Contemporary historians of science have a tendency to deprecate the originality of the so-called scientific revolution, and to stress, instead, its continuities with medieval astrology and alchemy. And they have a point. It wasn’t that one day people were doing astrology in Europe and then there was this revolution and everyone started doing astronomy. Newton practiced alchemy; Galileo drew up all those horoscopes. But if you can’t tell the difference in tone and temperament between Galileo’s sound and that of what went before, then you can’t tell the difference between chalk and cheese.

Those historians of science can make their claims but Gopnik, a literary critic/humourist/art critic [please choose the appellation for Gopnik that best fits your prejudices or lack of them: see comments] knows better! He has read a book!

The difference is apparent if you compare what astrologers actually did and what the new astronomers were doing. “The Arch-Conjuror of England” (Yale), Glyn Parry’s entertaining new biography of Galileo’s contemporary the English magician and astrologer John Dee, shows that Dee was, in his own odd way, an honest man and a true intellectual. He races from Prague to Paris, holding conferences with other astrologers and publishing papers, consulting with allies and insulting rivals. He wasn’t a fraud. His life has all the look and sound of a fully respectable intellectual activity, rather like, one feels uneasily, the life of a string theorist today.

Now I have read the same book and although that book is excellent it, in my opinion, suffers from a major deficiency that I actually discussed on twitter a while back with Ted Hand (@t3dy) a historian of alchemy. However before we turn to Parry’s book and its deficiency let us see how Gopnik uses it to justify his belief in Galileo’s modernity.

The look and the sound of science . . . but it does have a funny smell. Dee doesn’t once ask himself, “Is any of this real or is it all just bullshit?” If it works, sort of, and you draw up a chart that looks cool, it counts. Galileo never stopped asking himself that question, even when it wasn’t bullshit but sounded as though it might well be. That’s why he went wrong on the tides; the-moon-does-it-at-a-distance explanation sounds too much like the assertion of magic. The temperament is not all-seeing and curious; it is, instead, irritable and impatient with the usual stories.

So there we have it. Galileo may have been a practicing astrologer but he was also a questioning scientist whereas his near contemporary John Dee was just a gullible pseudo-scientist. Case closed. Galileo is different. He is the founder of modern science as claimed. Gopnik 1 historians of science 0.

Unfortunately for Gopnik reading one book on Dee, no matter how good, isn’t enough. He has fallen head first into the error illustrated by the famous quote from Alexander Pope with which this post is headed, “a little learning is a dangerous thing”. If instead he had drunk deep of the springs of Dee scholarship he would not have so confidently labelled Dee chalk to Galileo’s cheese.

What is Parry’s deficiency and why is Gopnik wrong?
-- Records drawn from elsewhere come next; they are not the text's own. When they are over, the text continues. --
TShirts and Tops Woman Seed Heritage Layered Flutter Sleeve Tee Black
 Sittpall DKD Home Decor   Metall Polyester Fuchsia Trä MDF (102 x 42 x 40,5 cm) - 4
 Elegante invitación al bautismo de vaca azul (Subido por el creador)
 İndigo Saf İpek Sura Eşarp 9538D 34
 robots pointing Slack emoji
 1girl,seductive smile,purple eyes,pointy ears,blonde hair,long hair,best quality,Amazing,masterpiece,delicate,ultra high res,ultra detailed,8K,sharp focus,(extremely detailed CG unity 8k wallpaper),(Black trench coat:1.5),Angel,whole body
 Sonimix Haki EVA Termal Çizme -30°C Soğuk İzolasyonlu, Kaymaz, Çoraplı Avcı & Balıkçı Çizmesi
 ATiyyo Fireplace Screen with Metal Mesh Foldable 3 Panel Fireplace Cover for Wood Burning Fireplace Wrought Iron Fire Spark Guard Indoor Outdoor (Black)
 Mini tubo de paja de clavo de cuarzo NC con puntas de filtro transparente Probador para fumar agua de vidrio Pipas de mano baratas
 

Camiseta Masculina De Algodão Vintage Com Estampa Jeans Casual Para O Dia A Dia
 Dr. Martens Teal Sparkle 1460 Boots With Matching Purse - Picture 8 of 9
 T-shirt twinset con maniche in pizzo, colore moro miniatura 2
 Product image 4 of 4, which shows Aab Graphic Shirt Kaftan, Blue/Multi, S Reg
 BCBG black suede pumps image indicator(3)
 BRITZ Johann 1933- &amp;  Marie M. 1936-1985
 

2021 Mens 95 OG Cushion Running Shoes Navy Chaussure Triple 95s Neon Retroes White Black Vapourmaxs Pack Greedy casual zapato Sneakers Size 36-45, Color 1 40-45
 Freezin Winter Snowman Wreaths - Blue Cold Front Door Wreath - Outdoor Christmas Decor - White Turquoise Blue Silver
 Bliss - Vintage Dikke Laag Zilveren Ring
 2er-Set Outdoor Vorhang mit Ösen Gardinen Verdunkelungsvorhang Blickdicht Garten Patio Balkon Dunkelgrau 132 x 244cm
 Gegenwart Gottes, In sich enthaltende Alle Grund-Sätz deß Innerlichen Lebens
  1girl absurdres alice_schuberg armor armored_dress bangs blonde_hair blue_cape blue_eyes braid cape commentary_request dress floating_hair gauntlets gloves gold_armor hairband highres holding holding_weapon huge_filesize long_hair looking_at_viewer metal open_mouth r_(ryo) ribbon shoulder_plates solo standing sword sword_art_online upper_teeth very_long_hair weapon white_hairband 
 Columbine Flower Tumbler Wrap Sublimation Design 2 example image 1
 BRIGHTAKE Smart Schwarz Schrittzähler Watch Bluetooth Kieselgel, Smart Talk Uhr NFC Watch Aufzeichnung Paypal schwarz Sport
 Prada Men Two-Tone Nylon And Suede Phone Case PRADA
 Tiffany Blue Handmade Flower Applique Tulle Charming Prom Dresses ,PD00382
To understand the problem we have to look at how John Dee’s image has changed over the centuries. In the 16th century Dee was a highly respected member of the European scientific community highly involved in mathematics, astronomy, astrology, alchemy, cartography, navigation and history. By the middle of the 17th century his star was fading fast and he was largely forgotten then Meric Casaubon published the so-called Angel Diaries, Dee’s supposed conversations with angels through the medium Edward Kelly. Through this publication of previously unknown material Dee became the archetypal Renaissance magus in the popular imagination, a dabbler in magic probably in league with the devil.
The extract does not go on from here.